The end result audio, in part due to ElevenLabs’ engaging text-to-speech voice rendering, is actually pretty good. Very listenable. With context of what came before there may well be more variation, which the model did not have access to.
It helps to remember what the model is actually doing in those template slots. It’s inflating a 180-300 word summary into a script several times that length, and the words it adds to bridge the gap are mostly connective rhetoric.
There’s a name for what produced all this. In their forthcoming Evals for AI, Hamel Husain and Shreya Shankar describe the gulf of specification: the space between what a developer means and what they actually manage to write down. My naive prompt definitely falls into it. “A bit of personality” is an intention, not an instruction.
Everything above is phrasal — multi-word scaffolding in one prompt’s output. The tell that attracted global attention was a single word: “delve.” And unlike my hobby corpus, it’s now been measured at the scale of the published record. Matsui (2025) tracked 135 candidate AI-influenced terms across 27.5 million PubMed abstracts from 2000-2024; 103 of them rose meaningfully by 2024, and “delve” was the single biggest mover — the lonely red point stranded in the top-right of the chart below.

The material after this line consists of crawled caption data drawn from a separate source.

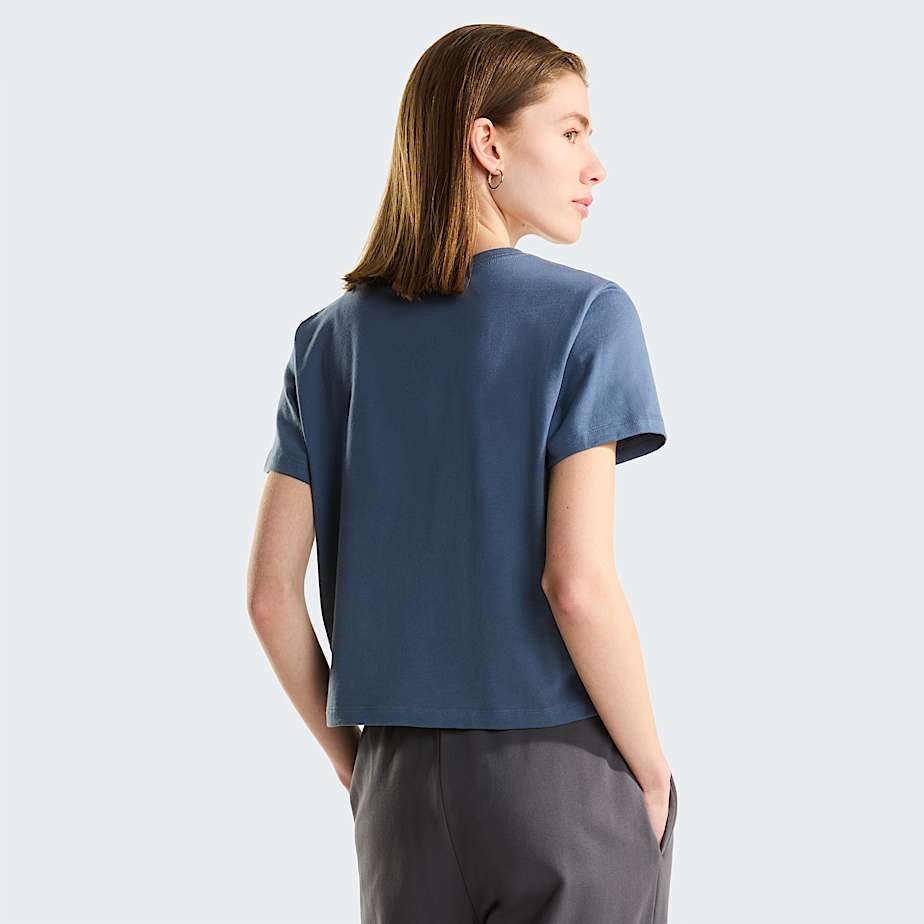 Tshirt TNF Essential Simple Dome Cutie da donna TNF ALT3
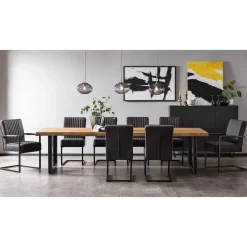 Essgruppe Sefinio Tisch Mit Stühlen|Esszimmer Sets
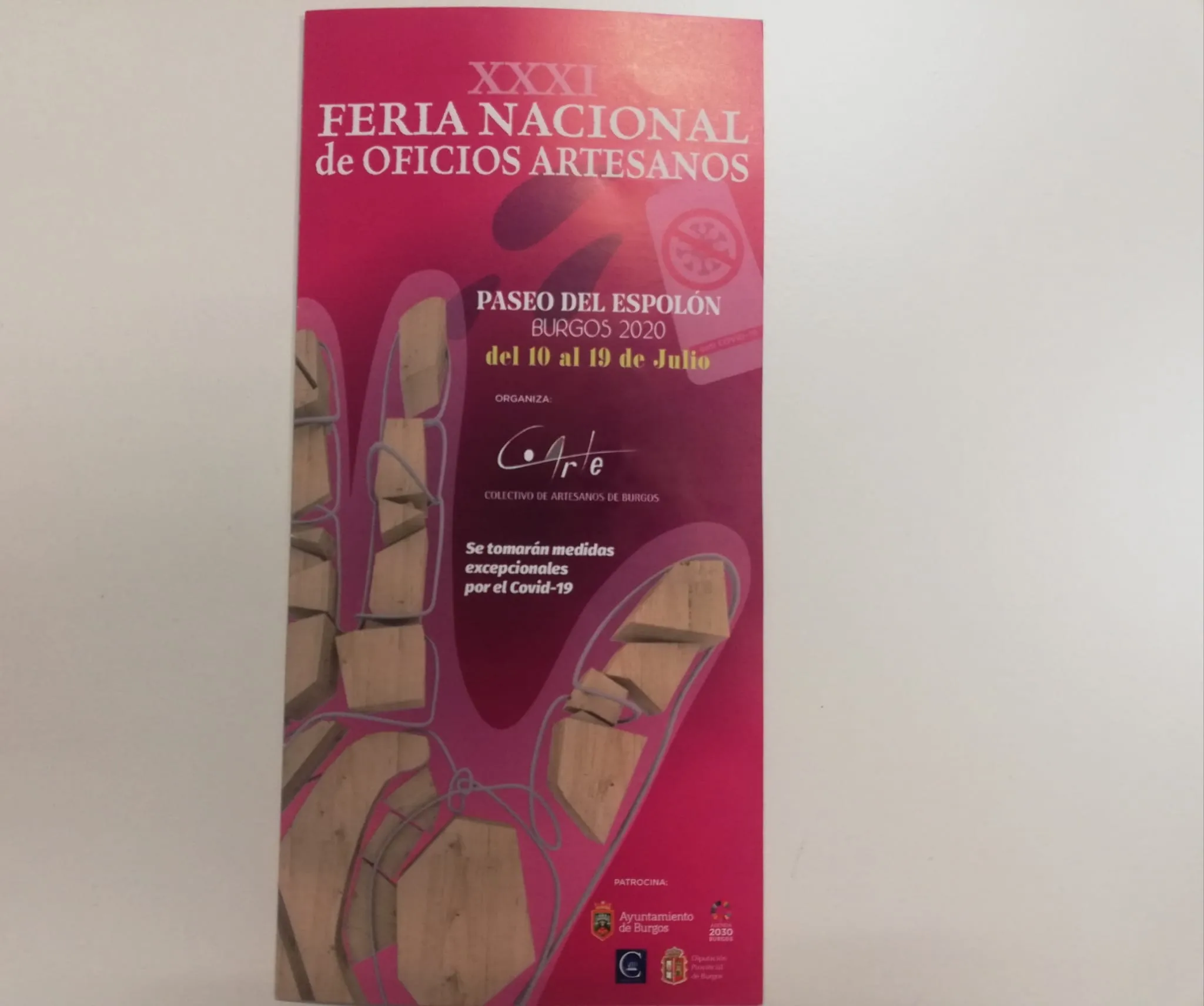 La XXXI Feria Nacional de Oficios Artesanos comenzará el próximo 10 de julio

Noting that Matsui found these words began climbing around 2020 — before ChatGPT shipped in November 2022 — so the model amplified an existing drift rather than inventing it from scratch. (The paper also can’t resist the joke: its own title is “Delving Into PubMed Records.”) My “deceptively simple question” is the same phenomenon caught one rung lower down — not yet in the published record, just in one person’s render queue, but already perfectly, measurably on rails.
There’s a last thing the counting doesn’t capture, and it’s the thing I actually noticed first. To a New Zealand ear, the whole register is off. The relentless warmth, every lesson thrilled to see you, every dry result repackaged as an “energising takeaway”, lands somewhere between an American keynote and a children’s-TV host. Kiwi explanation tends to run more understated - “not too bad” is actually pretty high praise. So a voice this uniformly excited about contestable markets reads, to me, as faintly uncanny: fluent, friendly, and unmistakably performing.
Deceptively simple questions that turn out to be not-so-simple and not so-deceptive also seem to be a slightly manipulative way to frame these lessons. Ultimately pointing to more care needed in developing ed-tech applications using LLMs.
Reproducible end to end: the counting lives in 03_script_phrase_analysis.ipynb,
and scripts/tts-tics/build.py regenerates the data and cuts the audio clips
straight from the rendered MP3s with ffmpeg. To prepare clips for this blog post, each clip was sliced on exact word-level timestamps from Deepgram — every MP3 goes through its
transcription API, the stock phrase is matched against the returned word list, and the cut
lands on the first and last word's boundaries. So the openers and closers alike sit precisely
on the phrase, with no character-offset estimation and no stray breath to trim.
Code was written with the help of coding assistants (Codex and Claude); Claude also helped draft this post. The GitHub repo is available, but the source course material and the full derived summaries can't be shared.